Is there a nice way to sum and aggregate the following dataframe:
Persons item1, item2, item3, ....
1 0 1 3 ....
1 2 2 4 ....
2 1 2 4 ....
3 0 1 1 ....
1 1 1 1 ....
... ... ... ... ....
To:
Persons Items
1 15
2 7
3 2
... ...
So basically sum up all the items for each person and add that sum to another row (if that person has another row).
CodePudding user response:
Here's one way:
library(dplyr)
Persons <- c(1, 1, 2, 3, 1)
item1 <- c(0, 2, 1, 0, 1)
item2 <- c(1, 2, 2, 1, 1)
item3 <- c(3, 4, 4, 1, 1)
data_1 <- data.frame(Persons, item1, item2, item3)
data_1$Items_raw <- rowSums(data_1[,2:4])
data_1 <- data_1 %>% group_by(Persons) %>% summarize(Items = sum(Items_raw))
CodePudding user response:
In base R you could use tapply
...
tapply(rowSums(df[,-1]), df[,1], sum)
1 2 3
15 7 2
CodePudding user response:
You can use the dplyr
package.
library(dplyr)
df <- data.frame(
Persons = c(1, 1, 2, 3, 1),
item1 = c(0, 2, 1, 0, 1),
item2 = c(1, 2, 2, 1, 1),
item3 = c(3, 4, 4, 1, 1)
)
df %>%
group_by(Persons) %>%
summarise(items = sum(item1, item2, item3))
And you'll obtain:
# A tibble: 3 x 2
Persons items
<dbl> <dbl>
1 1 15
2 2 7
3 3 2
CodePudding user response:
Thanks to combining all the reaction under my post (thanks everyone!), I found a solution to my problem.

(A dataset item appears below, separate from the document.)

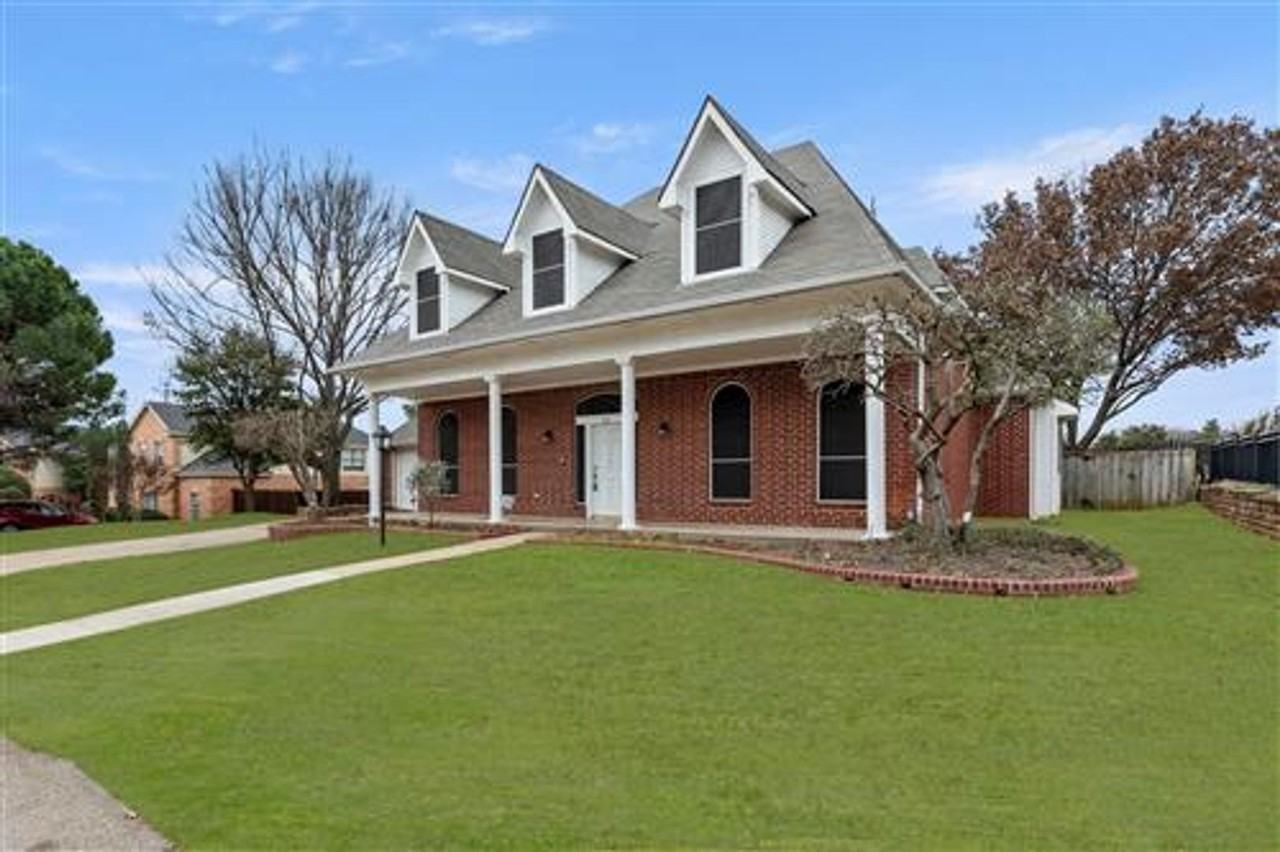 625 Sugarloaf Ct - Photo 2 of 29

I solved it the following way:
People = data.frame(People$Persons,
rowSums(People[, 2:522]))
colnames(People) = c("Persons", "Items")
People = ddply(People, "Persons", numcolwise(sum))
Its not a beautiful solution (wish I could do it in 1 line) but it works!